- Interactive map of Labial Geyser
- Location: Lower Geyser Basin, Yellowstone National Park, Teton County, Wyoming
- Coordinates: 44°32′37″N 110°47′43″W﻿ / ﻿44.543674°N 110.7952828°W
- Type: Fountain-type geyser
- Eruption height: 25 feet (7.6 m)
- Frequency: 5 to 9 hours
- Duration: 1 minute
- Temperature: 91.6 °C (196.9 °F)

= Labial Geyser =

Geyser in the Lower Geyser Basin of Yellowstone National Park

Labial Geyser is a fountain-type geyser in the Lower Geyser Basin of Yellowstone National Park in the United States. It is part of the Pink Cone Group. Other geysers in this groups are Labial's Satellite Geyser, Bead Geyser, Box Spring, Dilemma Geyser, Narcissus Geyser, Pink Geyser, and Pink Cone Geyser.

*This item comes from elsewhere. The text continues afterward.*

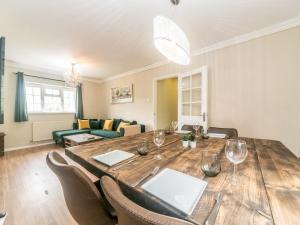 a living room with a wooden table with wine glasses at Lovely cosy gem with free parking Pass the Keys in Surbiton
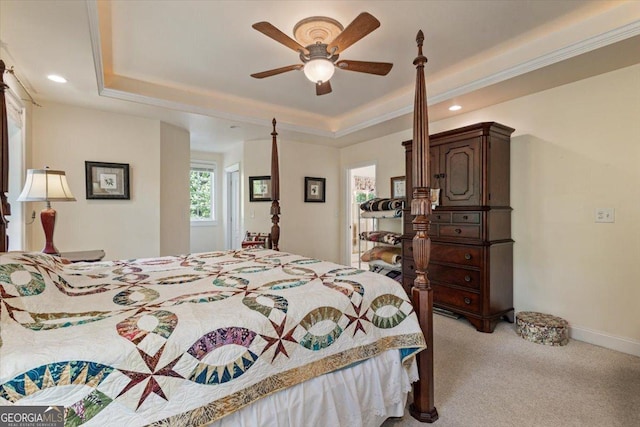 bedroom with a tray ceiling, light carpet, baseboards, and recessed lighting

Eruptions of Labial Geyser last for less than one minute and reach about 25 ft high. The usual interval between eruptions is 6–9 hours. On occasion, an eruption will be followed within 30 minutes by a second eruption. Before the eruption, the water rises and falls in the vent. During the last few minutes Labial's surging becomes violent, and this eventually triggers an eruption. During the eruption, three vents are active, with jetting at different angles. Labial jets up to 25 ft high at a sharp angle, another vent bursts up to 6 ft high, and a related spring splashes 1–2 ft high. Following the eruption, Labial continues to have bursts that spray water from the hole, and these rarely lead to a brief but full-force second or even third eruption!

Labial Geyser has two satellite geysers (Labial's Satellite Geyser) that react to Labial eruptions but have been seen to act independently as well. Their intervals are not predictable. Full eruptions are 12 to 15 minutes in duration, with the eastern vent dominating. The eastern vent reaches 6 ft, while the western vent reaches 10 ft. Minor eruptions, usually originating from the eastern vent, are less than one minute in duration and less energetic than full eruptions.